Personal information
- Full name: Lancelot Charles Digby Robinson
- Born: 23 October 1905 England
- Died: 31 May 1935 (aged 29) Quetta, Baluchistan, British India
- Batting: Right-handed
- Bowling: Right-arm slow
- Role: Batsman

Domestic team information
- 1934: Marylebone Cricket Club

Career statistics
| Competition | First-class |
| Matches | 1 |
| Runs scored | 39 |
| Batting average | 39.00 |
| 100s/50s | 0/0 |
| Top score | 39 |
| Catches/stumpings | 0/– |
- Source: CricketArchive, 20 April 2023

= Lancelot Robinson =

English cricketer

Lancelot Charles Digby Robinson (23 October 1905 – 31 May 1935) was an English first-class cricketer.

Robinson was educated at Bedford School and played as an all-rounder for their cricket XI, topping their bowling averages in 1922. He moved in 1924 to the Royal Military College, Sandhurst. It was then that he also started playing for Bedfordshire in the Minor Counties Championship.

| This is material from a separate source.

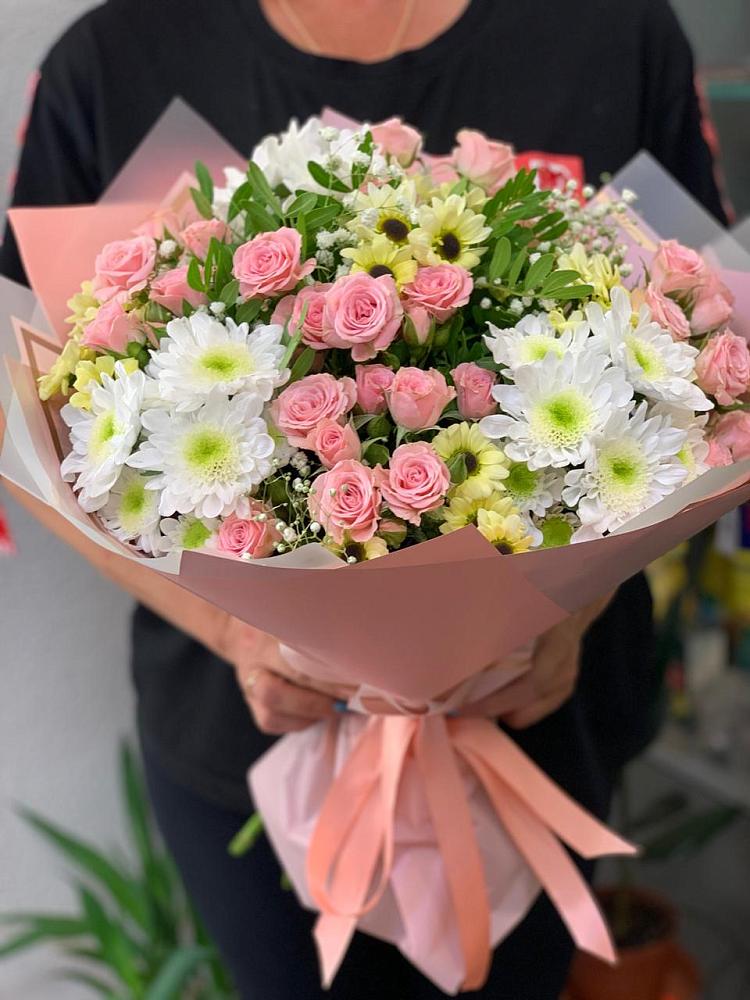 Букет цветов из: Розы и Хризантемы в Константиновке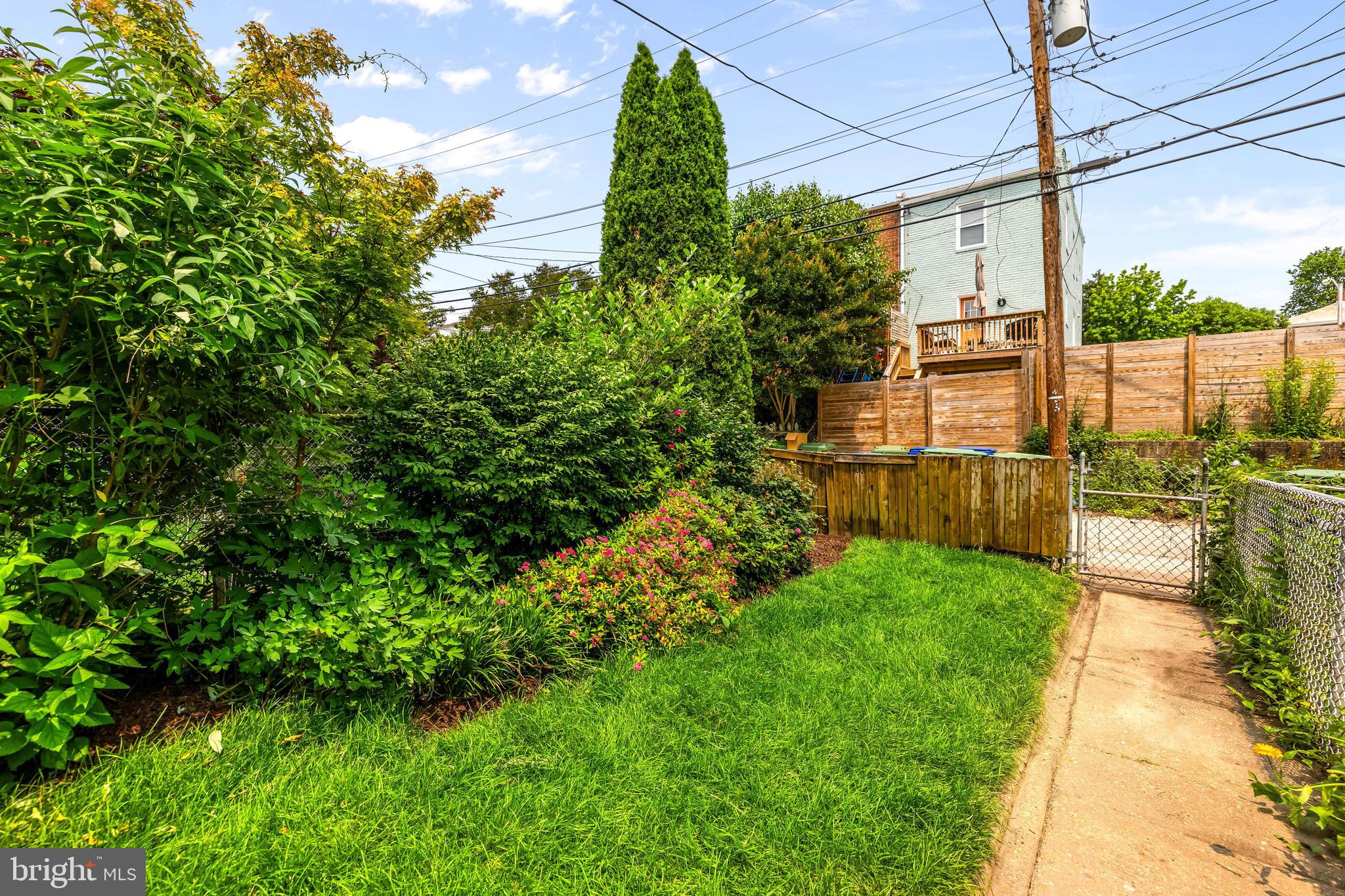 HAMPDEN HISTORIC DISTRICT - Residential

His only first-class appearance came in 1934, against Ireland at College Park, Dublin. Playing for the Marylebone Cricket Club, Robinson came in at eight in the batting order and was his side's second top scorer with 39 runs, in what would be his only innings.

A captain with the Royal Army Ordnance Corps, Robinson was killed, along with his wife, in the 1935 Quetta earthquake.